Looks fun...but I don't have a Wii either.


----------



## sephoras girl (Apr 26, 2008)

It'a really good console. (even for those who usually don't play video games)


----------



## iheartmakeup08 (Apr 29, 2008)

I plan on buying this it looks like a lot of fun.


----------



## LilDee (Apr 29, 2008)

I can't wait to try it out!

We finally got a WII about a month ago..

And the first game i bought was a Super Mario game!! lol

Old school mario is the best game ever!


----------



## bella1342 (Apr 29, 2008)

My bf was thrilled when I told him about this... he says he's pre-ordering it this week.


----------



## kdmakeuparts (Apr 29, 2008)

Man I want a Wii so bad, and when we get one I def want this fit game!


----------



## laurreenn (Apr 30, 2008)

it sounds really fun. i am gonna get it.


----------



## sephoras girl (Apr 30, 2008)

Cool.


----------



## magosienne (Apr 30, 2008)

Originally Posted by *LilDee* /img/forum/go_quote.gif I can't wait to try it out!We finally got a WII about a month ago..

And the first game i bought was a Super Mario game!! lol

Old school mario is the best game ever!

lol ! one of my friends has that game, it's true it's a lot of fun


----------



## zriwi (Apr 30, 2008)

I have heard so much good about the Wii Fit.

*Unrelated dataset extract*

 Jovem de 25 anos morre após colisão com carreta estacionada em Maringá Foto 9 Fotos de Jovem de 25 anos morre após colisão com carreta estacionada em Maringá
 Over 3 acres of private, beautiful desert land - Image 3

I have a couple of friends who completly loves it. I wish we could ge it too, but we have to little space for it


----------



## Leony (Apr 30, 2008)

I love it, it's cool! Playing game and get in shape haha


----------



## GlossyAbby (Apr 30, 2008)

we are getting our son a wii for his birthday I think this summer.. I may have to get this for me...


----------



## sephoras girl (Apr 30, 2008)

great.


----------



## love2482 (Apr 30, 2008)

I really want it, but it's pretty pricey.


----------



## sephoras girl (May 1, 2008)

If your kinda worried on the price you should check the reviews to see if it is worth it.


----------



## MissElaine (May 9, 2008)

Ooh! I can't wait for Wii fit!!! I've been anticipating it's release for months! I can't wait to hear what everyone on here says about it after trying it out! Only a couple more weeks until it comes out here!


----------



## bella1342 (May 9, 2008)

I pre-ordered this the other day. I'm giving it to my bf from our son as a father's day gift. He wants it so bad, but doesn't have a clue that I ordered one. I get to use it too, I'm pretty excited about that!


----------



## Jinx (May 9, 2008)

Oh yeah!

I saw an ad for this a while back and honestly, I am willing to spend stupid money on the Wii just for this program, lol!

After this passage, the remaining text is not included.